L’idée sous-jacente à l’ensemble de ce travail est qu’une connaissance qui concerne un objet, correspond à la réactivation des aires cérébrales impliquées dans le traitement sensori-moteur de cet objet. Il n’y a pas de stockage d’entité abstraite. Il s’agit au contraire de la réactivation des mêmes pools neuronaux sollicités durant l’interaction réelle avec l’objet. Autrement dit, si l’on considère qu’interagir avec un stimulus génère une représentation mentale particulière, alors la reconstruction de cette représentation en l’absence du stimulus, correspondra à l’émergence d’une connaissance en lien avec le stimulus en question.

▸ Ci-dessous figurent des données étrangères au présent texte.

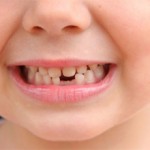 Флюс молочных зубов у детей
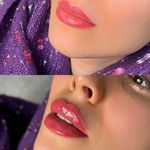 مرکز زیبایی پوست و مو آئورا (شعبه جردن)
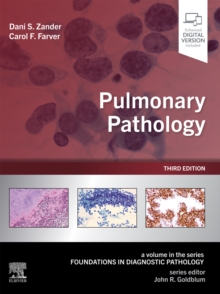 Pulmonary Pathology : Pulmonary Pathology E-Book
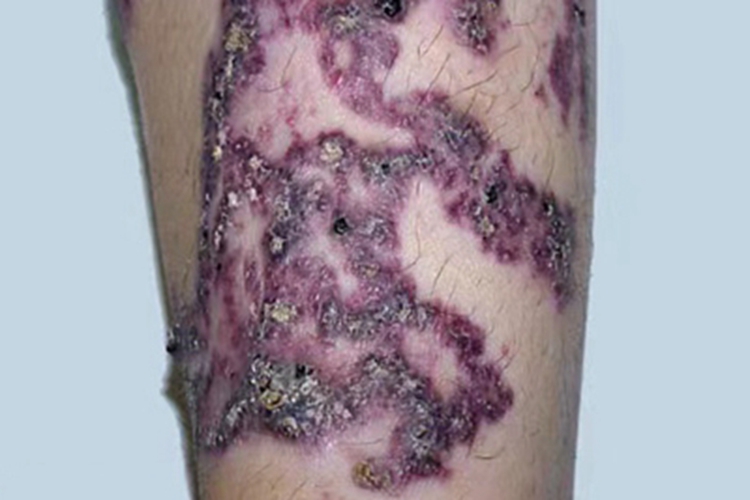 局限性血管角化瘤小腿结节紫斑图 局限性血管角化瘤小腿结节紫斑图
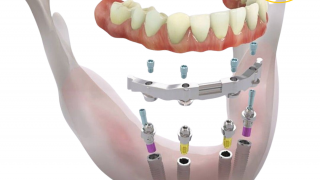 Mất răng hàm? Cắm Implant để ăn ngon, nói chuyện tự tin hơn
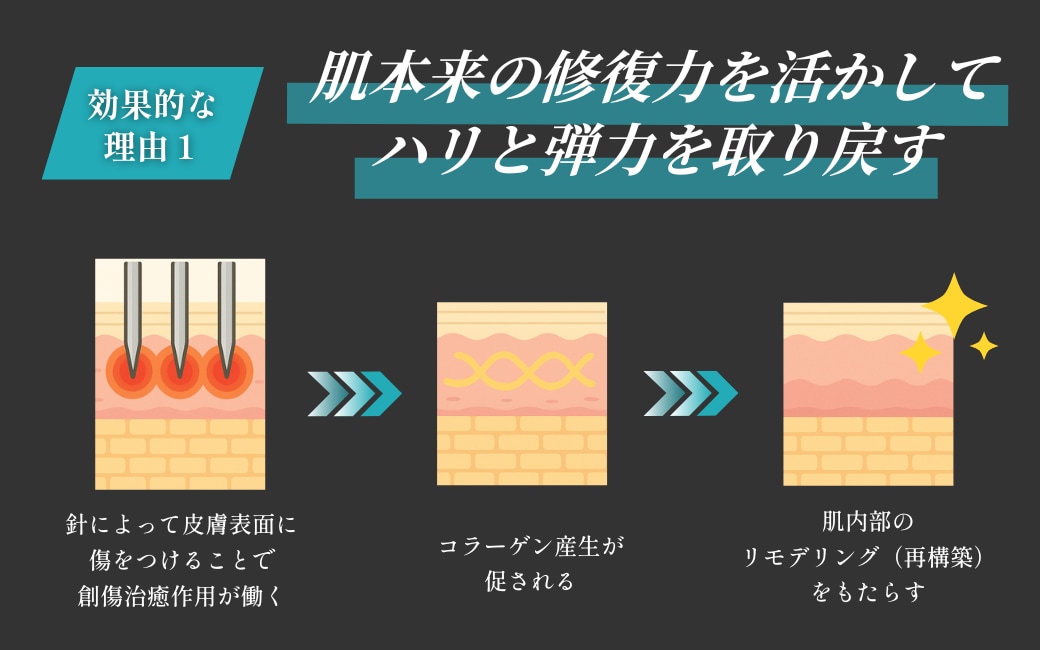 なぜ、モフィウス8がクマに効果的なの？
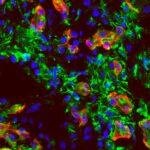 Le casse-tête pancréatique : percer le code des secrets immunitaires du cancer Pancreatic Cancer Cells CSHL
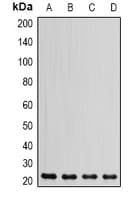 IHC-plus™ Polyclonal Rabbit anti-Human DHFR Antibody (IHC, WB)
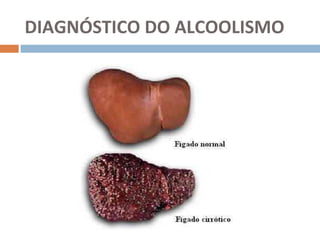 DIAGNÓSTICO DO ALCOOLISMO
 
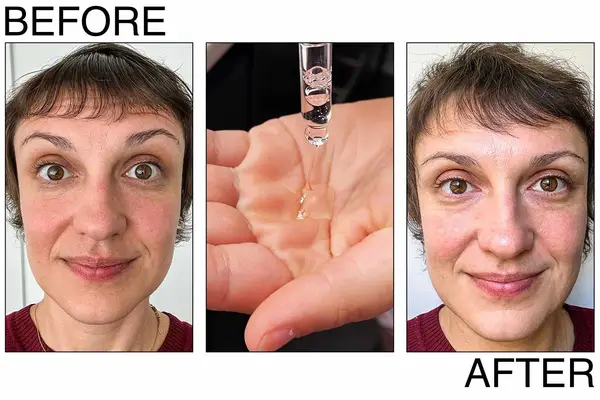 Ordinary Hydluronic Acid Before and After testing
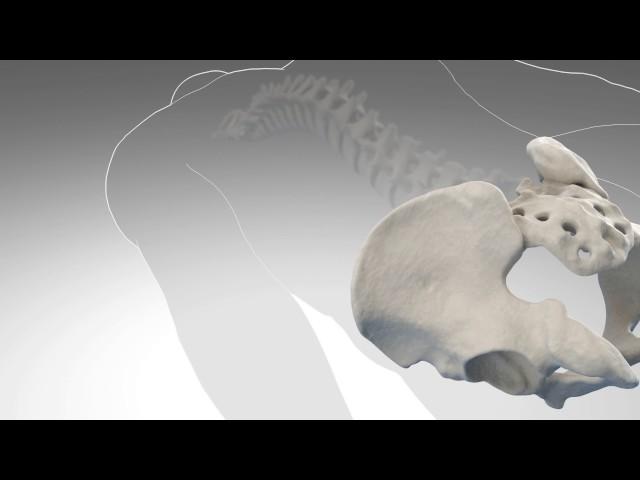 iFuse Video Sacroiliac Joint Fusion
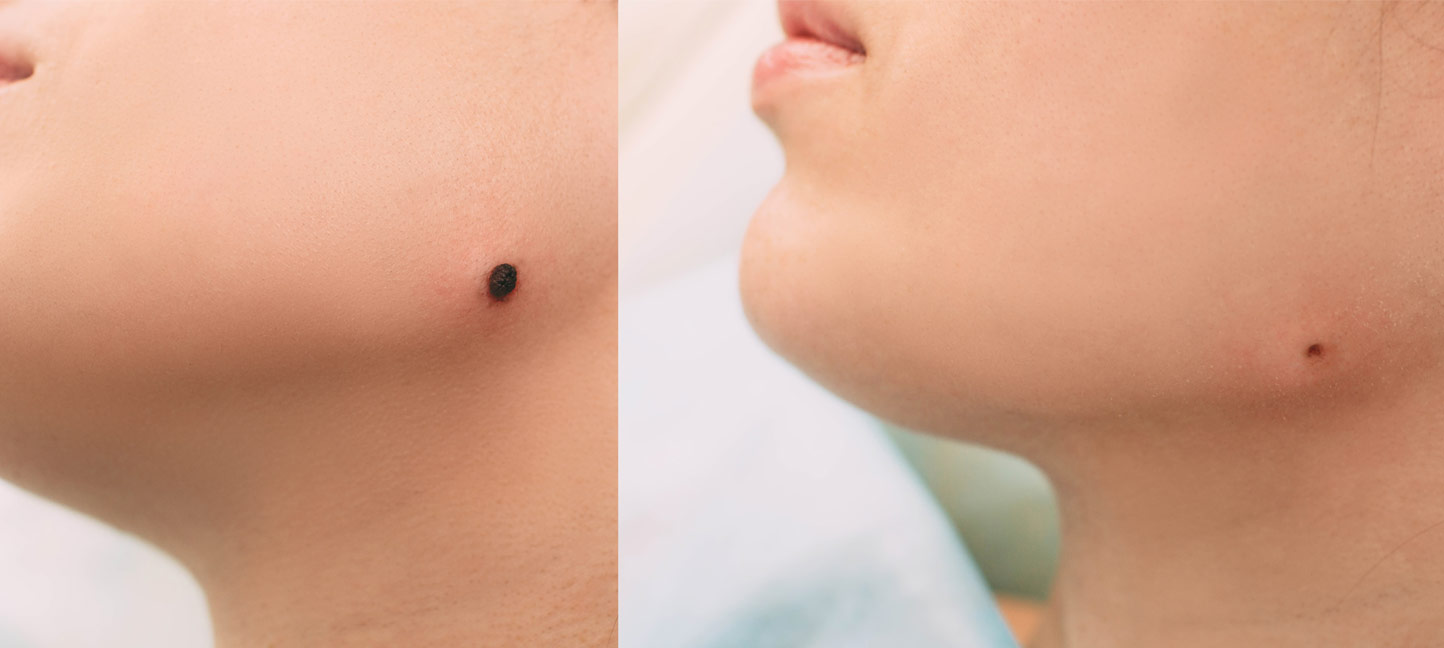 Mole Removal - before and after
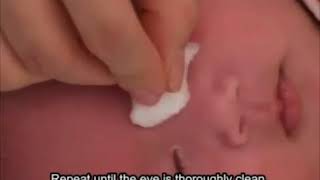 How to clean your baby's eyes - English
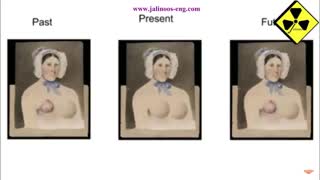 عوامل ابتلا به سرطان سینه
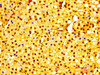 IHC image of CSB-PA529740LA01HU diluted at 1:300 and staining in paraffin-embedded human adrenal gland tissue performed on a Leica BondTM system. After dewaxing and hydration, antigen retrieval was mediated by high pressure in a citrate buffer (pH 6.0) . Section was blocked with 10% normal goat serum 30min at RT. Then primary antibody (1% BSA) was incubated at 4°C overnight. The primary is detected by a biotinylated secondary antibody and visualized using an HRP conjugated SP system.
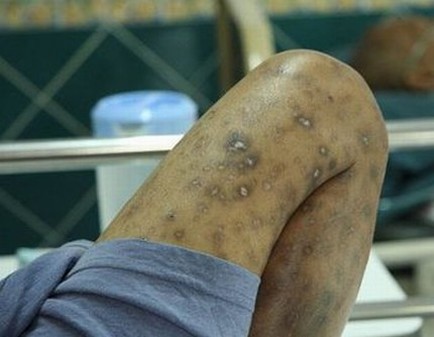艾滋病的传播途径一般有什么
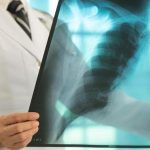 Erken tanı hayati önem taşıyor! Akciğer kanserinin belirtileri ne? Öksürük, göğüs ağrısı, halsizlik, kanlı balgam… –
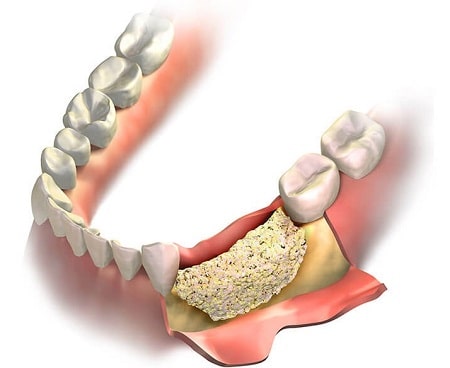 bone graft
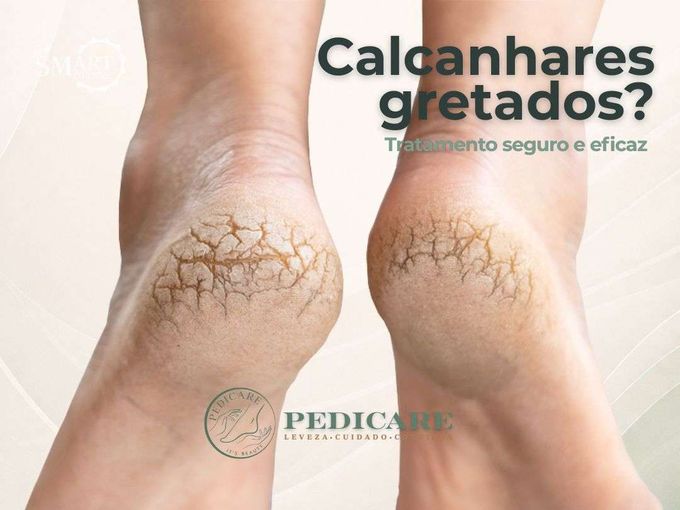 Calcanhares gretados?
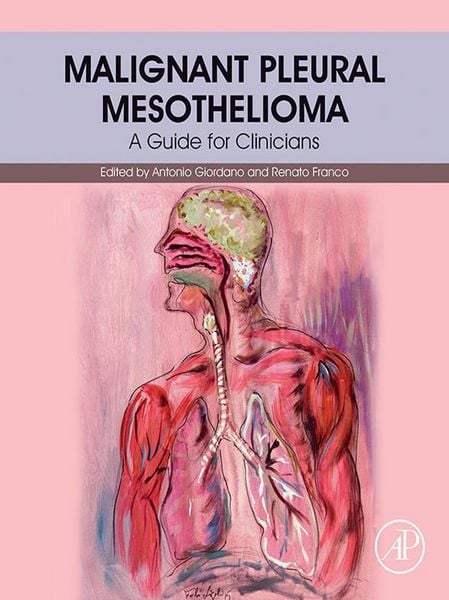 Produktbild: Malignant Pleural Mesothelioma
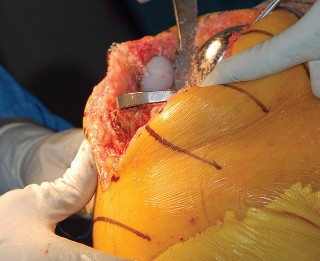 Illustration 30 for Mastering Gap Balancing in Revision TKA: Avoid Common Pitfalls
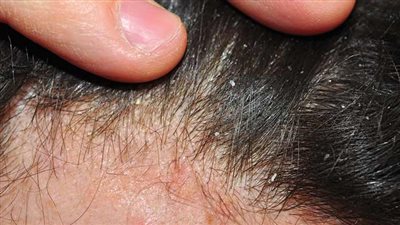 ورق السدر لشعر طويل وناعم وخال من القشرة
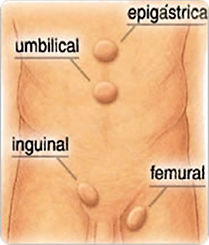 tipos de hérnia abdominal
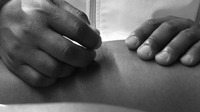 Close-up photograph of a trainer’s hands while they insert a needle into a player’s body.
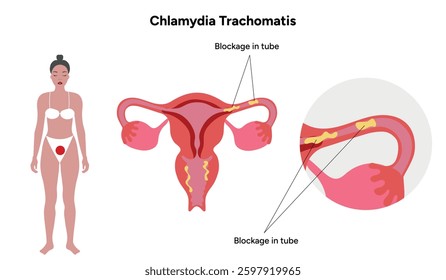 Chlamydia Trachomatis. Woman’s and man's reproductive system infections. Medical disease 
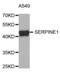 Serpin Family E Member 1 antibody, abx004746, Abbexa, Western Blot image 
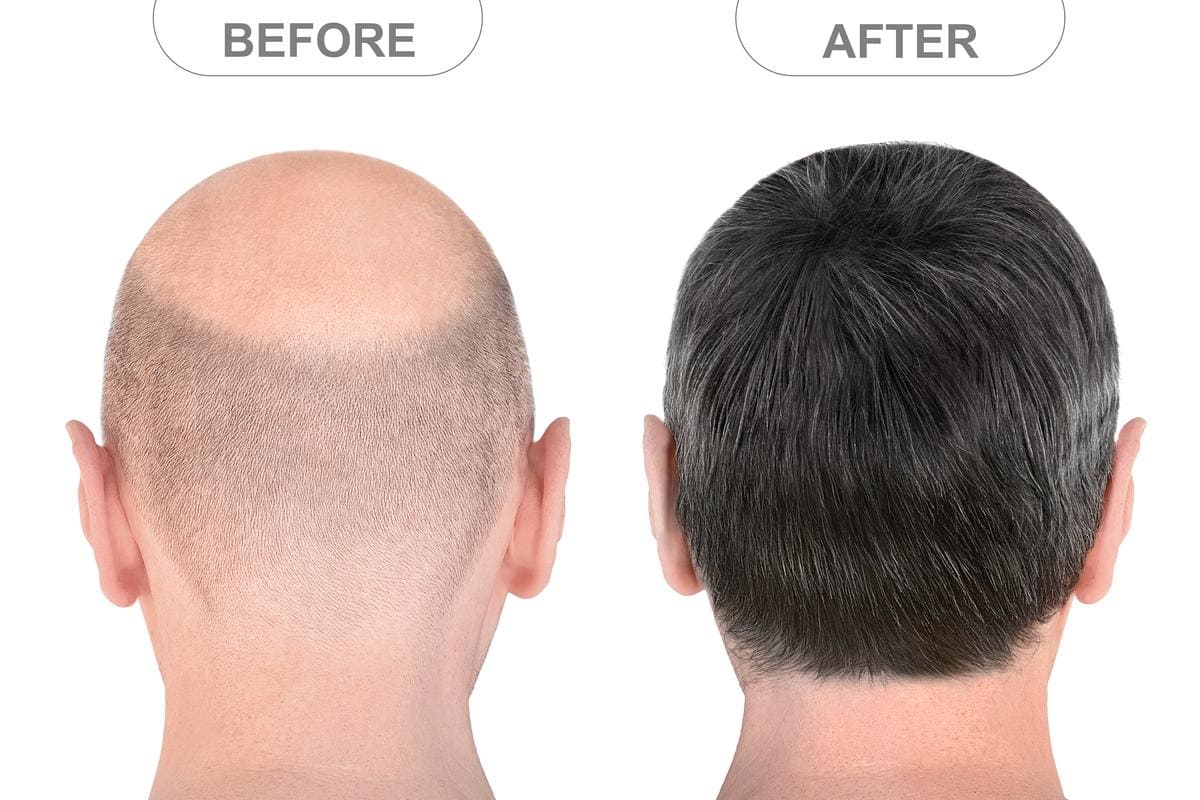 Hair Transplant after 20 Years: Assessing the Long Term Impact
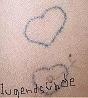 Tattoo-Entfernung ohne Lasern !!!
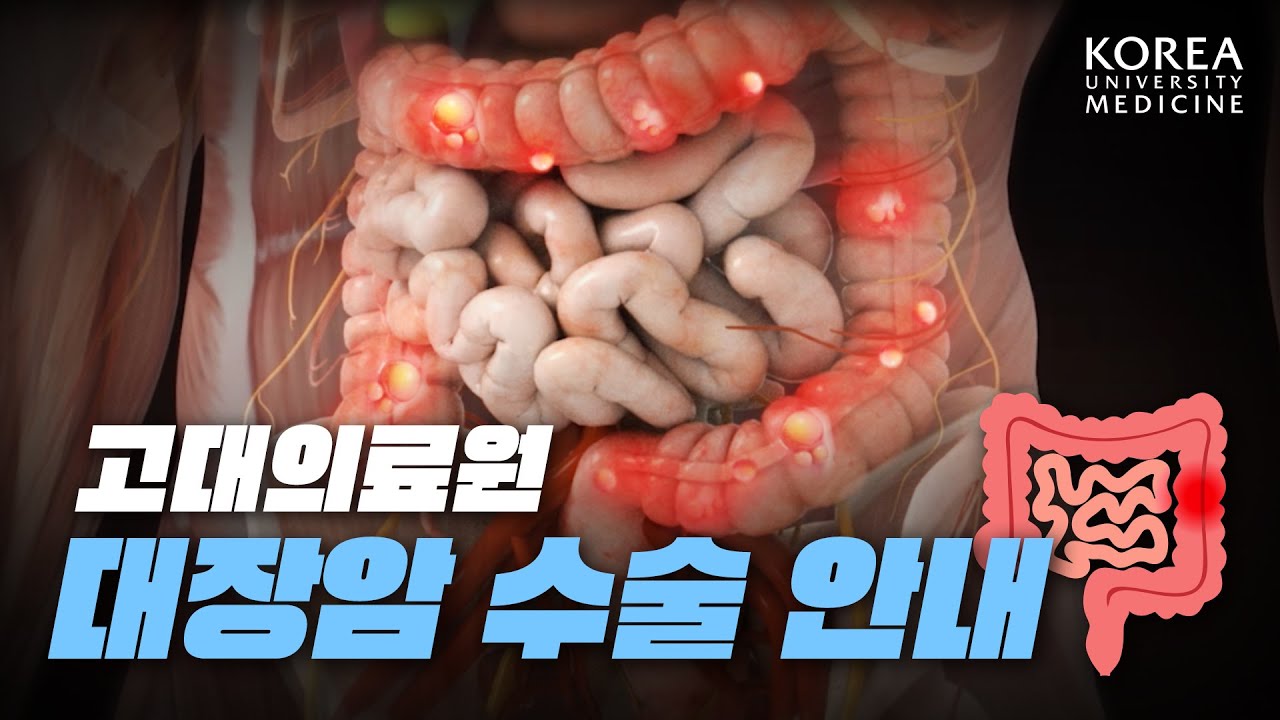 [수술 전 꼭! 확인] 대장암 수술 안내 - YouTube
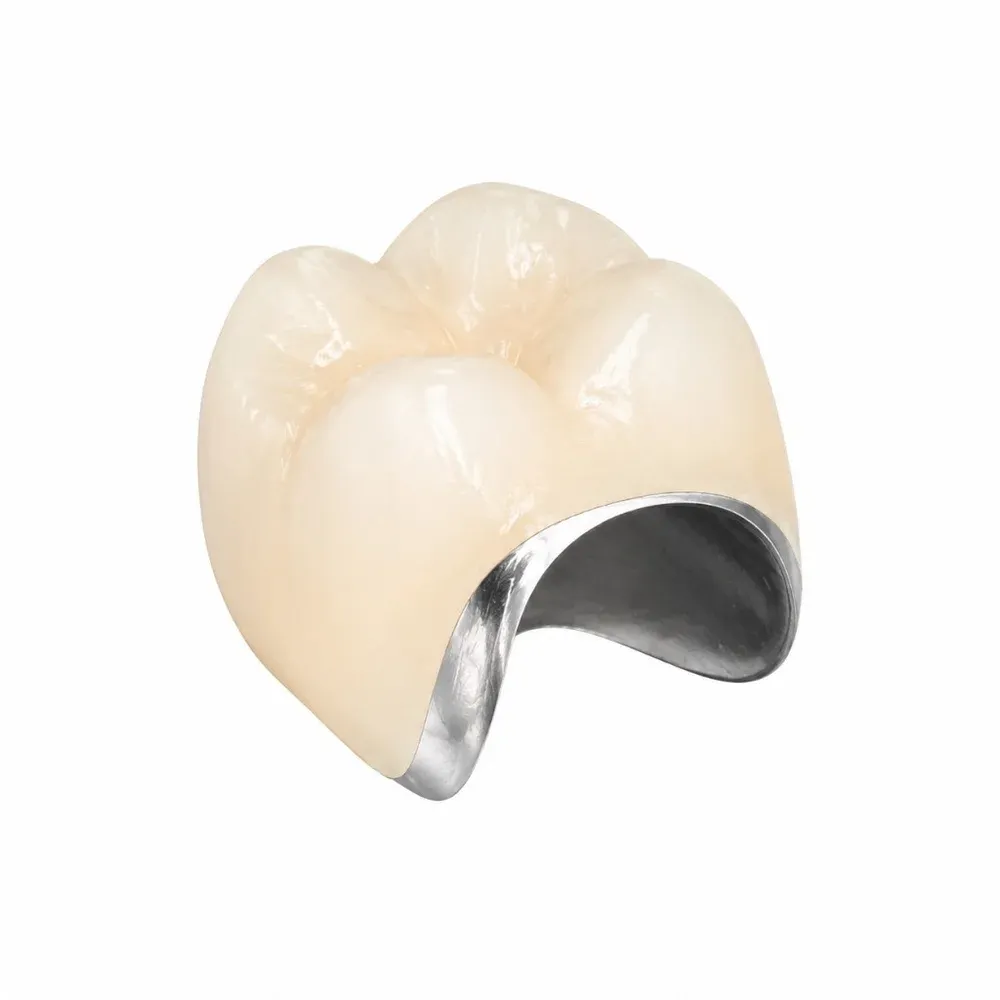 PFM crown, cast metal coping under stratified porcelain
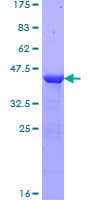 Human CRABP1 / CRABP Protein (Recombinant GST)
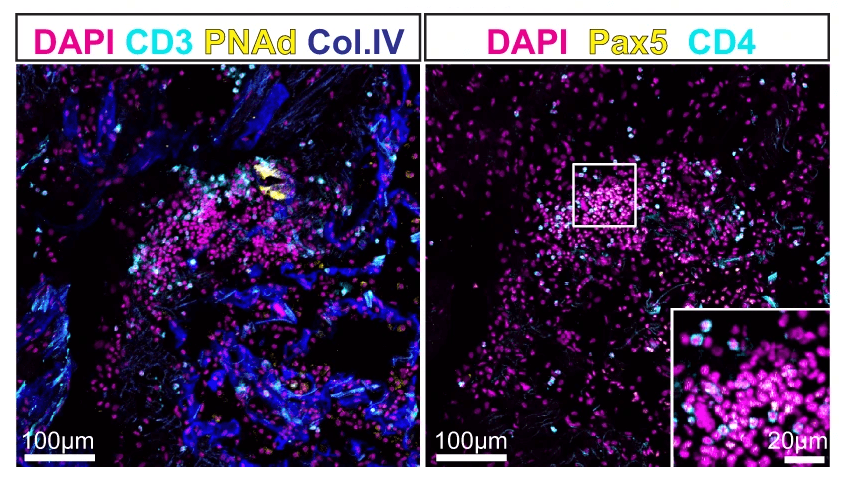 Adventitial niches aim at the formation of ectopic lymphoid structures in prolonged COVID-19 lungs. IF images from selected area of a prolonged lung, where DAPI (blue), CD3 (red), PNAd (green) and Collagen IV (Col. IV, white) are shown in the left panel, while DAPI (blue), Pax5 (magenta) and CD4 (cyan) are shown in the right (n=9 FOVs). Source: Image from <b>Distinct tissue niches direct lung immunopathology via CCL18 and CCL21 in severe COVID-19</b> by Mothes et al. <em>Nature Communications</em>, Feb. 2023.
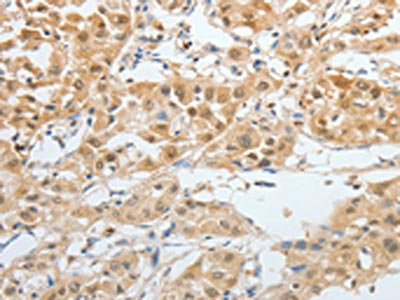 The image on the left is immunohistochemistry of paraffin-embedded Human liver cancer tissue using CSB-PA086320(BPIFB2 Antibody) at dilution 1/45, on the right is treated with synthetic peptide. (Original magnification: ×200)
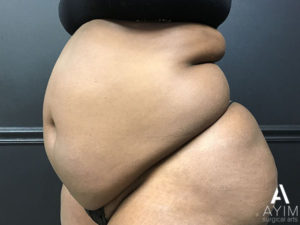 Bodytite: Before & After Photos Case 1230 Before Photo Bodytite: Before & After Photos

Construire et reconstruire des représentations mentales sont donc selon nous, des activités cognitives en partie similaires qui s’appuient sur un ensemble d’étapes communes. La connaissance émerge peu à peu et se transforme au cours du temps de la même façon que la perception d’un stimulus multisensoriel se modifie, grâce aux interactions et intégrations neuronales multimodales. Nous savons en effet aujourd’hui que les composants sensoriels et moteurs des représentations mentales sont rapidement intégrés les uns aux autres afin de permettre une perception cohérente et efficace de l’environnement. Par déduction, ce processus d’intégration devrait également avoir une place non négligeable dans l’émergence d’une connaissance, même en l’absence d’input sensoriel, en la rendant de plus en plus « aboutie ». Un peu à l’image de la théorie de la Gestalt, nous supposons qu’une connaissance « aboutie » c’est-à-dire qui a subi l’ensemble des processus nécessaires à son émergence, sera une entité « différente » de l’entité à laquelle elle peut correspondre au début de sa construction. Nous parlerons d’une succession d’étapes à la base de la réactivation d’une connaissance, étapes similaires à celles mises en jeu durant sa construction initiale. Au final, le processus d’intégration entre tous les composants d’une connaissance créera une connaissance différente de la simple somme des activations de ses composants.

En dehors des travaux de Hommel, aucune expérience en psychologie cognitive n’a à notre connaissance, tenté de mettre en évidence ce processus d’intégration entre des composants en partie mnésiques.

Le but de notre travail expérimental a donc été de parvenir à distinguer cette étape de celles plus précoces où l’intégration n’a pas encore eu lieu. Nous supposons que les étapes qui précèdent le processus d’intégration correspondent aux différentes activations des composants multisensoriels et moteurs. Tous ces composants non encore reliés les uns aux autres forment à un temps très précoce, une entité particulière qui émerge et qui d’après ce que nous venons de dire sera différente de l’entité finale, induite par une cascade de processus d’intégrations intra et intersensoriels.